4.5.1. Blijkens de in het informatieverzoek gegeven toelichting was het onderzoek van de Inspecteur gericht op het opzettelijk onjuist doen van belastingaangiften, strafbaar gesteld in artikel 69 AWR, in verband met in het buitenland ondergebracht vermogen. Een dergelijk onderzoek valt blijkens de bij het Verdrag gegeven toelichting onder de reikwijdte van het begrip ‘criminal tax matters’ als bedoeld in artikel 3 van het Verdrag. Het andersluidende oordeel van het Hof is onjuist.

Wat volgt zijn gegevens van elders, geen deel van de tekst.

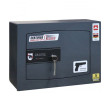 Сейф взломостойкий пистолетный H.26/15.KP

4.5.2. Aangezien het Hof verder niets heeft vastgesteld dat zou kunnen leiden tot ontoelaatbaarheid van het informatieverzoek, heeft het op ontoereikende grond geoordeeld dat de verkregen informatie het resultaat is van onzorgvuldig optreden van de Inspecteur, en om die reden buiten beschouwing moet blijven.
4.5.3. In zoverre slaagt het middel. Het behoeft voor het overige geen bespreking.
Het tweede middel
4.6. Het tweede middel slaagt eveneens. Het Hof diende te beoordelen of het niet voldoen aan de op grond van artikel 47 AWR bestaande verplichtingen belanghebbende kan worden aangerekend. Daartoe kon het Hof niet volstaan met de vaststelling dat belanghebbende niet meer in staat is de procedure te begrijpen, vragen te beantwoorden of anderszins inlichtingen te verstrekken. Die vaststelling sluit niet uit dat belanghebbende, toen hij werd geconfronteerd met de op grond van artikel 47 AWR gestelde vragen, voor zover de beantwoording ervan neerkomt op het afleggen van verklaringen, nog niet te kampen had met zodanige belemmeringen van fysieke en/of psychische aard dat het niet voldoen aan zijn inlichtingenplicht belanghebbende niet kon worden aangerekend. Door het verwijzingshof zal moeten worden beoordeeld of belanghebbende vanaf het moment dat de vragen werden gesteld de in redelijkheid van hem te vergen maatregelen heeft getroffen om te bevorderen dat namens hem aan de uit artikel 47 AWR voortvloeiende verplichtingen zou kunnen worden voldaan.
5. Slotsom
Hetgeen hiervoor in 4.5 en 4.6 is overwogen, brengt mee dat de uitspraak van het Hof niet in stand kan blijven. Verwijzing moet volgen. De uitspraak van het Hof moet worden vernietigd behoudens zijn beslissing dat de informatiebeschikking 2015 geen betrekking kan hebben op de jaren 2002 tot en met 2005.
6. Proceskosten
De Hoge Raad ziet geen aanleiding voor een veroordeling in de proceskosten. Door het verwijzingshof zal worden beoordeeld of aan belanghebbende voor de kosten van het geding voor het Hof een vergoeding moet worden toegekend.
7. Beslissing
De Hoge Raad:
verklaart het beroep in cassatie gegrond,
vernietigt de uitspraak van het Hof behoudens voor zover deze betrekking heeft op de informatiebeschikking 2015 voor zover het betreft de jaren 2002 tot en met 2005, en
verwijst het geding naar het Gerechtshof ‘s-Hertogenbosch ter verdere behandeling en beslissing van de zaak met inachtneming van dit arrest.
Dit arrest is gewezen door de vice-president J.A.R. van Eijsden als voorzitter, en de raadsheren J. Wortel, M.T. Boerlage, P.A.G.M. Cools en A.E.H. van der Voort Maarschalk, in tegenwoordigheid van de waarnemend griffier F. Treuren, en in het openbaar uitgesproken op 22 september 2023.